**Recorded data**
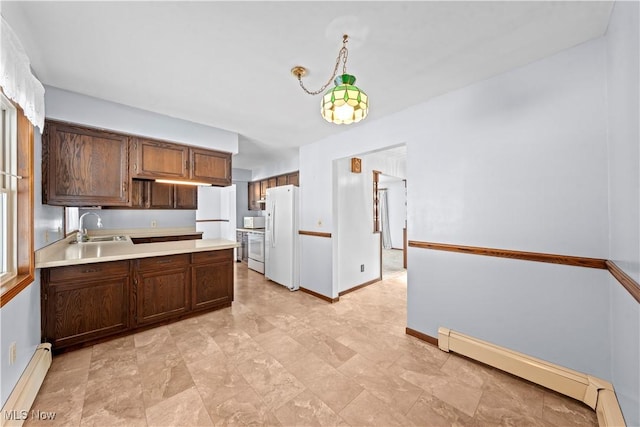 kitchen with a baseboard radiator, white appliances, dark brown cabinetry, and sink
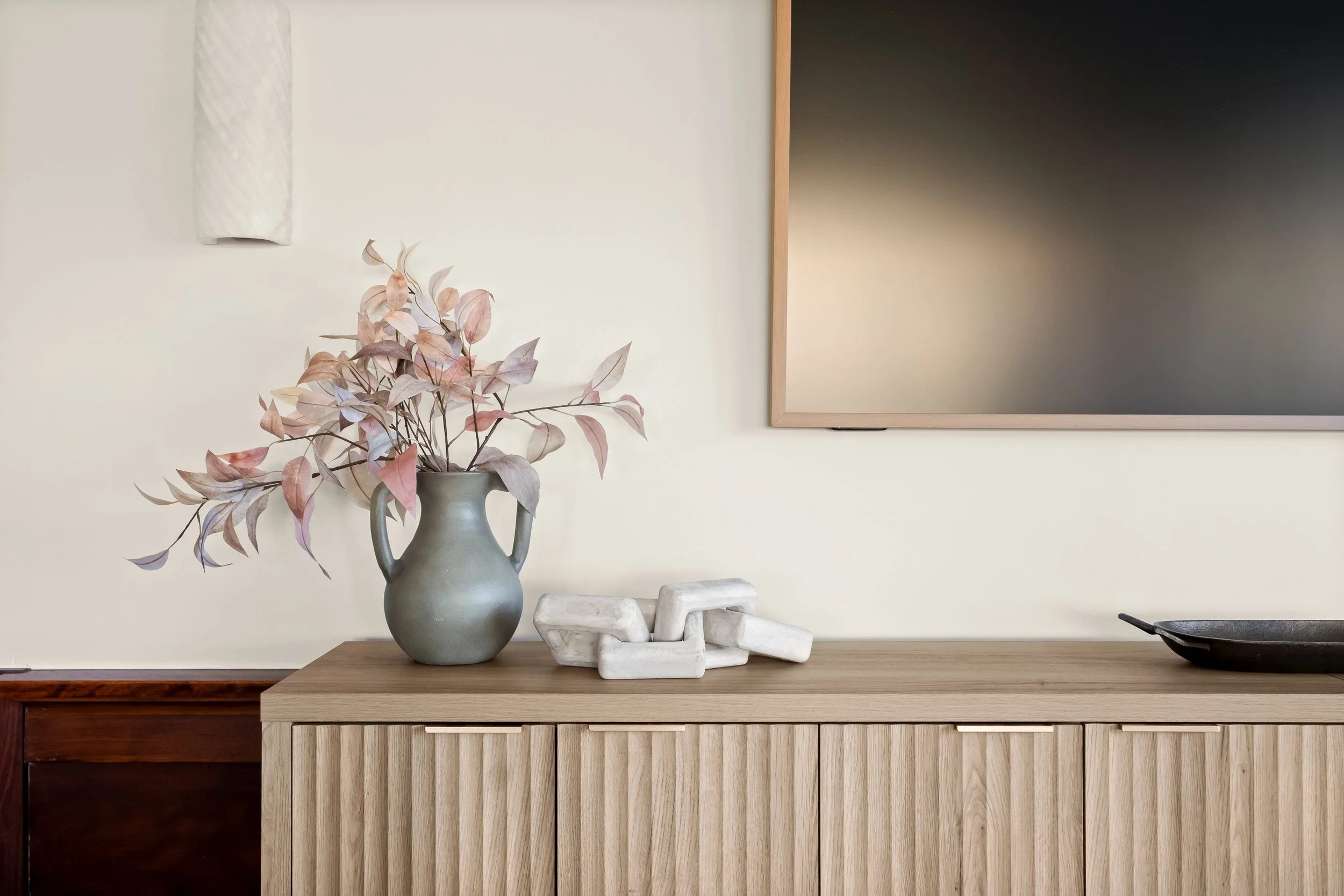 A wooden sideboard with a light wood finish, topped with a gray vase containing pinkish leaves, white decorative stones, and a black shallow bowl. There is a large flat black frame or mirror on the light-colored wall above the sideboard.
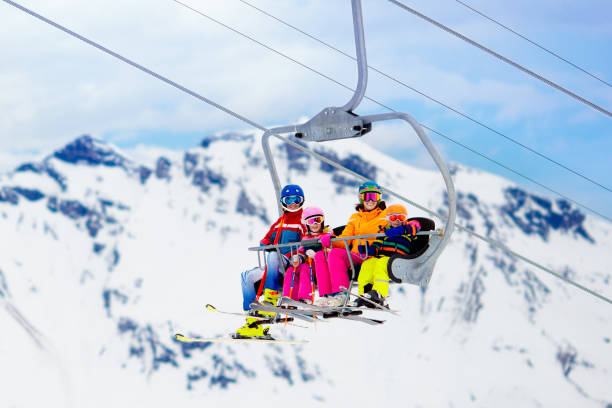 Family in ski lift in mountains. Skiing with kids Family in ski lift in Swiss Alps mountains. Skiing with young kids. Father, mother and children sitting in ski lift during Christmas vacation. Winter outdoor sports for active family. alpine skiing stock pictures, royalty-free photos & images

**Problem**
Would you set down the listing exactly, omitting pictures?

**Task answer**
 kitchen with a baseboard radiator, white appliances, dark brown cabinetry, and sink
 A wooden sideboard with a light wood finish, topped with a gray vase containing pinkish leaves, white decorative stones, and a black shallow bowl. There is a large flat black frame or mirror on the light-colored wall above the sideboard.
 Family in ski lift in mountains. Skiing with kids Family in ski lift in Swiss Alps mountains. Skiing with young kids. Father, mother and children sitting in ski lift during Christmas vacation. Winter outdoor sports for active family. alpine skiing stock pictures, royalty-free photos & images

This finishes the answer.